> **Your task**
Though the entries hold pictures, only their text should be duplicated, exactly and in full.

> **Information shown**
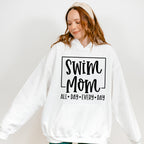 Swim Mom All Day Every Day - Swimming Unisex Crewneck T-Shirt Sweatshirt Hoodie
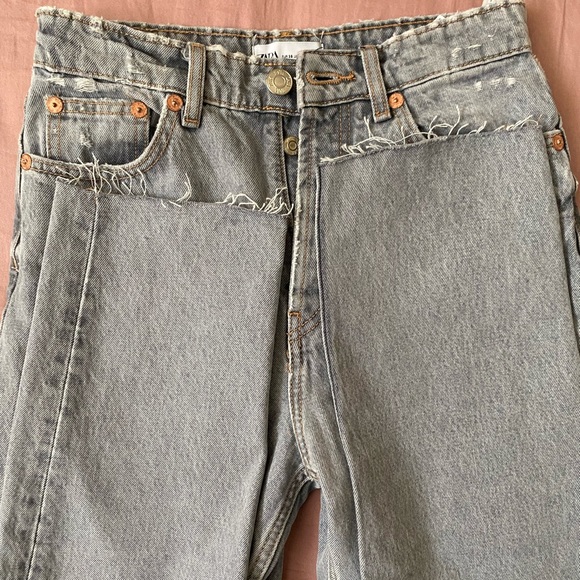 zara grey mom jeans - Picture 6 of 7
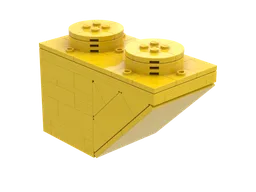 Upscaled Inverted Slope 1x2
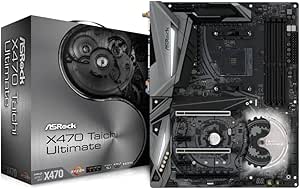 Asrock X470 TAICHI ULTIMATE 90 MXB7H0 A0UAYZ Board Black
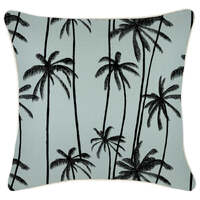 Cushion Cover-With Piping-Tall Palms Seafoam-45cm x 45cm
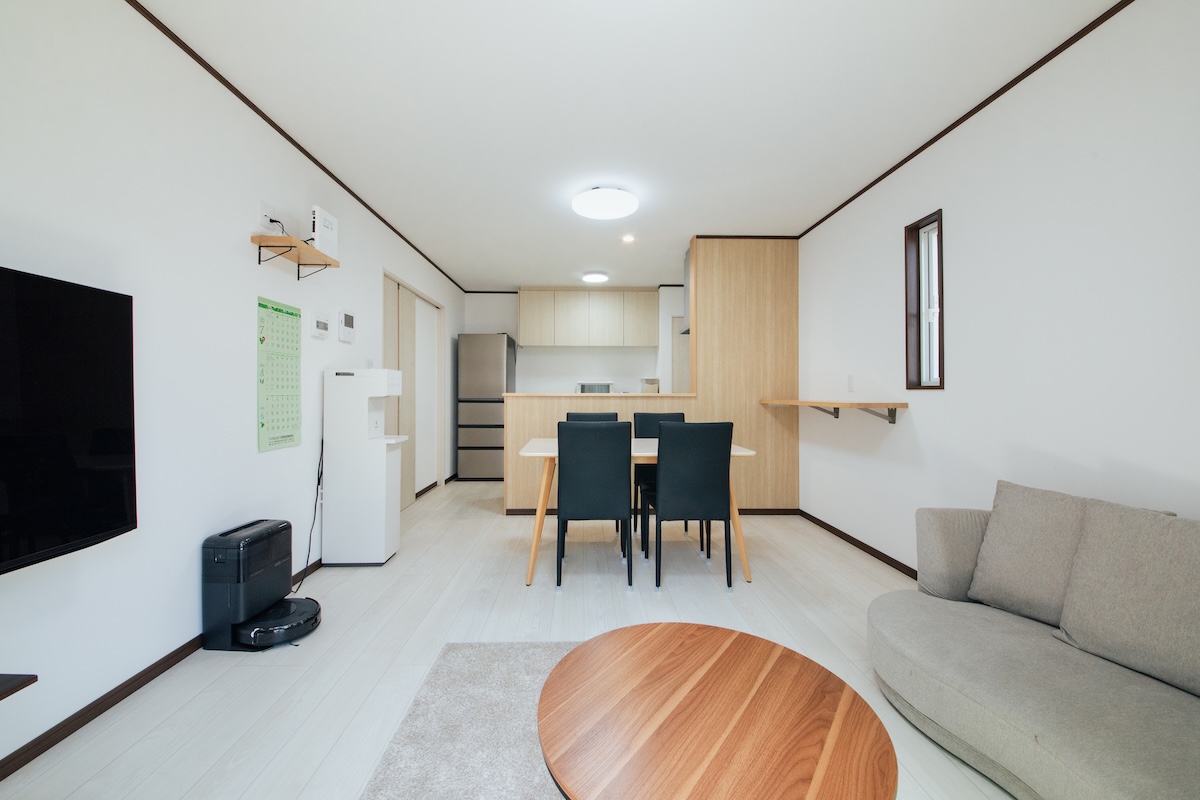 日差しがたっぷり差し込む3LDKの平屋の家
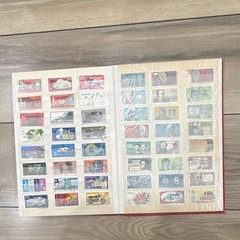 East Germany (DDR) Used Postage Stamp Collection Lot in Album, Various Topics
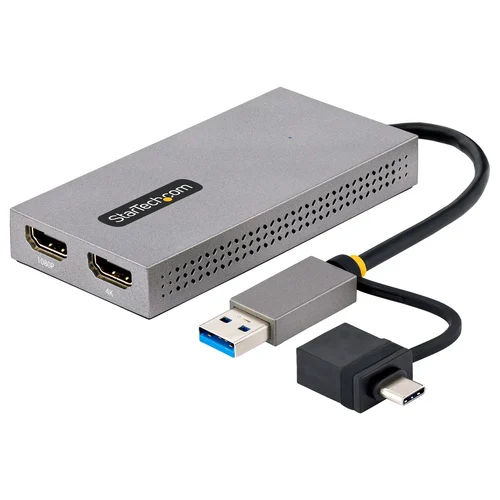 ADAPTADOR CONVERTIDOR USB 3.0 A 2 PANTALLAS HDMI WINDOWS/MAC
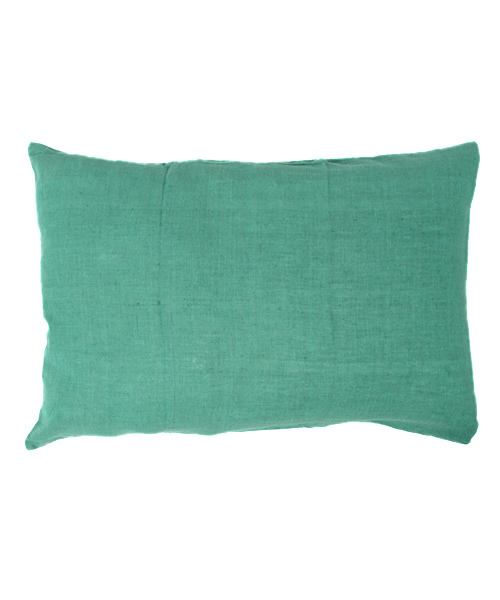 チャイハネ（チャイハネ）の「【チャイハネ】インド綿シンプル枕カバー/ピロケース（寝具・レディース・グリーン/ブラウン/オレンジ/ブルー/オフホワイト/ベージュ/イエロー/ターコイズブルー/ライトイエロー/ピンク/オリーブ/ワイン/レモンイエロー/パープル/ブルー系その他2/ダークグリーン/バイオレット/ラベンダー/コーラル/ブルー系その他/ブラック/レッド系その他/ブラウン系その他/ベージュ系その他/ダークインディゴブルー/グレー・FREE）」の11枚目の写真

> **Written response**
 Swim Mom All Day Every Day - Swimming Unisex Crewneck T-Shirt Sweatshirt Hoodie
 zara grey mom jeans - Picture 6 of 7
 Upscaled Inverted Slope 1x2
 Asrock X470 TAICHI ULTIMATE 90 MXB7H0 A0UAYZ Board Black
 Cushion Cover-With Piping-Tall Palms Seafoam-45cm x 45cm
 日差しがたっぷり差し込む3LDKの平屋の家
 East Germany (DDR) Used Postage Stamp Collection Lot in Album, Various Topics
 ADAPTADOR CONVERTIDOR USB 3.0 A 2 PANTALLAS HDMI WINDOWS/MAC
 チャイハネ（チャイハネ）の「【チャイハネ】インド綿シンプル枕カバー/ピロケース（寝具・レディース・グリーン/ブラウン/オレンジ/ブルー/オフホワイト/ベージュ/イエロー/ターコイズブルー/ライトイエロー/ピンク/オリーブ/ワイン/レモンイエロー/パープル/ブルー系その他2/ダークグリーン/バイオレット/ラベンダー/コーラル/ブルー系その他/ブラック/レッド系その他/ブラウン系その他/ベージュ系その他/ダークインディゴブルー/グレー・FREE）」の11枚目の写真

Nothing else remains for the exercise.